Feelings and Expectations
Vix is away in Europe, again. It's her last long trip for a while, and her last trip to Europe before Doc moves back to the States. She'll be away for another two weeks.
Meanwhile, I've had the opportunity to spend some time with Metis this weekend. Friday night we went on a there-and-back road trip to an event in another state.
(My elder daughter is now mature enough to stay at home by herself for an evening, and my younger daughter was invited to stay over at a friend's house.)
The best thing about a road trip is that a car provides absolute privacy for conversation. Metis and I talked about all sorts of things: our respective families, past relationships, recent developments at work, ideas about human life in the world, happiness, music, and whatever else came across our path.
It was the longest uninterrupted conversation we've ever had.
We talked about feelings and expectations. I had told her before about my new-found trick of holding powerful feelings at arm's length to examine them, treating them as contingent empirical facts about myself rather than as universal truths or as imperatives imposed on me or on others.
This trick has been most useful in dealing with negative feelings - sorrow, regret, anger, despair. Several times in the past few months I've worked my way out of what would have become a deep funk by detaching from feelings in this way, not letting them dominate me or become me or set all my expectations for myself and the world.
When I start to despair and to really get down on myself I can say, in effect, "well, there I go again!"
I've written about all this here and, as I say, I'd even told Metis about it before. We talked about it in the car the other day because Metis has been struggling to do the same thing, though she frames it in Buddhist terms as non-attachment.
She has also seen friends struggle with this or, rather, entirely fail to struggle with it, letting their first reactions to particular situations dominate them rather than examining those reactions with a critical eye. So, a friend of hers felt utterly worthless and rejected because some guy she met in a bar stopped writing to her, when she could have examined that reaction, traced it back to the expectations women in our culture have had imposed on them regarding the forms and trajectories of relationships, and perhaps revised those expectations.

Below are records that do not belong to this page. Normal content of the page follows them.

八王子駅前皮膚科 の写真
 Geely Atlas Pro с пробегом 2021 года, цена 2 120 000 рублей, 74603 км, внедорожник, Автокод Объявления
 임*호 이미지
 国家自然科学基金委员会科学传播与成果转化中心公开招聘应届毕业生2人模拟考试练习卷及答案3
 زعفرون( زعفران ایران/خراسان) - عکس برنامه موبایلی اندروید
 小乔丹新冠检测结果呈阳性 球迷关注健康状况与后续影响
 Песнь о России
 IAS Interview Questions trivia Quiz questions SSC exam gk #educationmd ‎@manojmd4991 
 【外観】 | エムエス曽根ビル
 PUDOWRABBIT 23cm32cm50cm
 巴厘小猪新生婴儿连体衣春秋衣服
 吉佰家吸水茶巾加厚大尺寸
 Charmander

Talking with Metis, though, something in my thinking about feelings and expectations seemed not quite right: it seems to imply detachment from feelings, as though holding feelings at arm's length means I don't actually feel them any more.
Now, where negative feelings are concerned - envy, jealousy, spite, contempt, despair - that may be just as well.
(As an aside, I distinguish envy from jealousy like this: envy is wanting something someone else has; jealousy is wanting to hold on to something you have . . . or think you have.)
But what about positive feelings?
Those feelings - affection, love, joy, contentment - also need to be examined; they ought not to be treated as imperatives or as universal absolutes. At the same time, though, they have to be lived in and savored in order to be worth having, and perhaps in order for life to be worth living.
Let me acknowledge, then, that my time with Metis on our road trip and during the event in question was, from first to last, a delight. Being with her simply made me happy, and I am awash in affection for her.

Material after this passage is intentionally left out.